Clergy: solution or problem?

Thomas Friedman wrote a great editorial in the Friday September 29 NYT's that keeps echoing in my mind. In it he says that one of the key differences between Islam and Christianity is that Islam has no pope, no clerical hierarchy and Christianity does. So when one rogue pastor spouts off some racist diatribe, his or her denominational supervisors (superintendents, bishops, execustive presbyters, etc.) can step in and say they disavow the speach and they can discipline heterodox and heretical speech. Not so with the Islamic mullahs, over whom there is no hierarchy. They are the ultimate independent clergy, who are as authoritative as the crowds they can command (Joel Osteen anyone??).
The thing that got me thinking was about the role of the professional religious persons in our society. Are we part of solution making or problem stirring? It's interesting that a number of reforming movements in history are anti-clerical (French Revolution for one, Communism for another). Does Greg Boyd's book on "The Myth of a Christian Nation" carry more weight when he focusses on on the necessity of divesting ourselves of "power over people" and instead adopting Jesus' method of "power under people" in servanthood and sacrifice?
In a conversation today with a person who asked me to attend a parachurch dinner, he asked me how I should be listed in the program? I asked him how he was listed. He said by his first and last name. For the first time I asked if he would just list me as "Don Johnson." No "Rev." or "Pastor" or "Sr. Pastor", just me. I really want to be part of the solution and not part of the problem.


At 9:32 PM , Blogger Gary Means said...

Don, recently I've been thinking about the role of the pastor, and of the pastor-centered Sunday morning worship event and the pastor-centered church structure. I've been looking into the subject of the exodus from the institutional church, and the growth of the unchurched church movement.
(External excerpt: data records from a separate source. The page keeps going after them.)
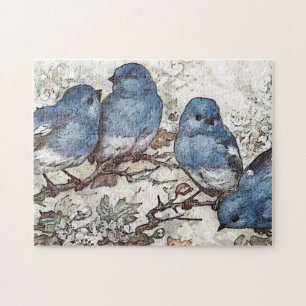 Vintage Blauvogeldarstellung Puzzle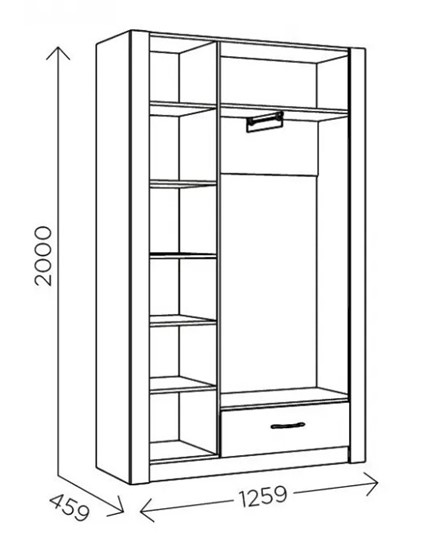 Шкаф гардеробный Ева 5 М2 дуб ирландский/белый матовый в Симферополе - изображение 2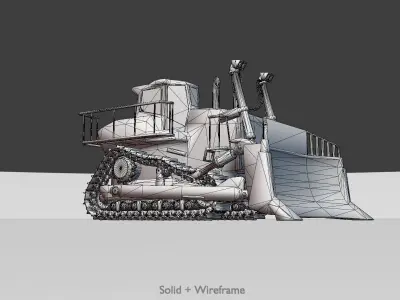 Hydraulic bulldozer tracked construction site vehicle blue Low-poly 3D model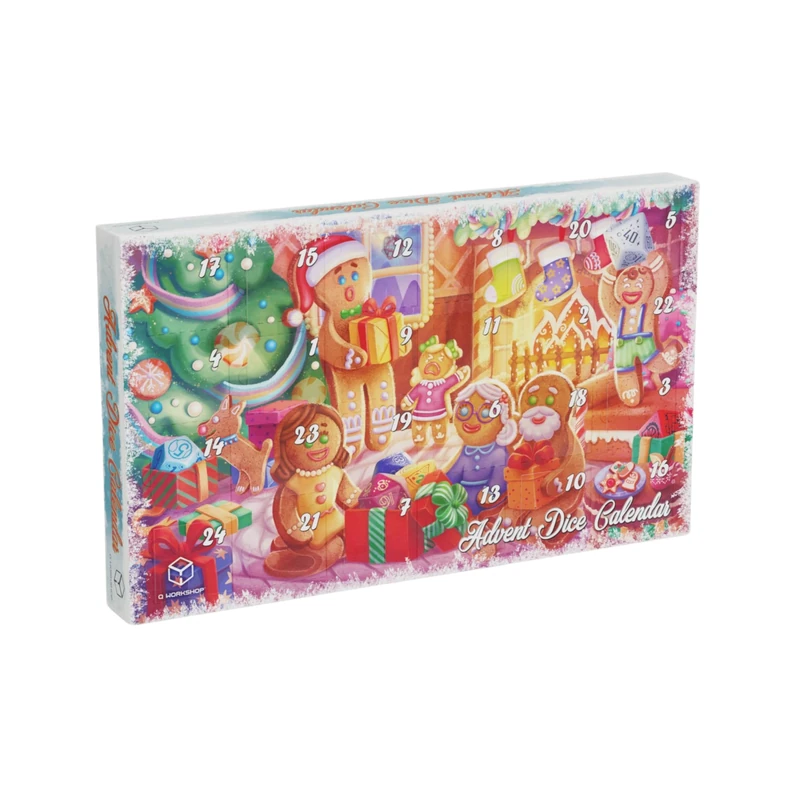 Q Workshop advent calendar 2025 | 24-day holiday dice with exclusive 8-piece Christmas dice set + 15 random dice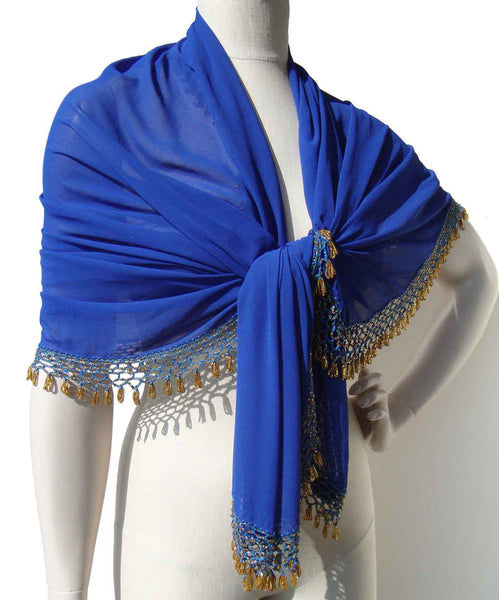 Blue Egyptian Rayon Beaded Wrap - Metro Retro Vintage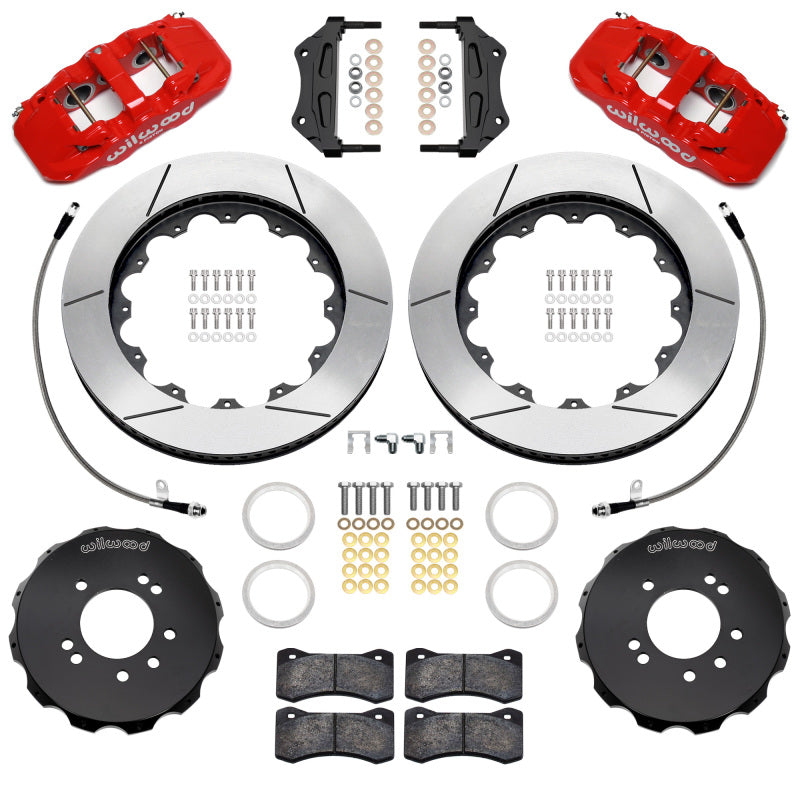WIL Aero Brake Kit - Wilwood 89-98 Nissan 240SX/89-94 Skyline/90-96 300ZX Aerolite 6R Front BBK w/ 14in SLT Rotors - Red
I suspect that most pastors would respond that the church has a Christ-centered church service and structure. But our churches are so incredibly dependent on the Pastoral staff. You are the answer man, the decision-maker, the coordinator, the counselor, the strategizer, etc, etc. And of course, everything that is wrong with the church is ultimately blamed on the pastor at some level.

As I listen to pastors who now consider themselves unchurched and find that their walk with God is more vibrant than even before. Many comment that because they can now be more transparent and do not have the baggage of being perceived as "the Pastor", their influence in other people's lives has actually deepened.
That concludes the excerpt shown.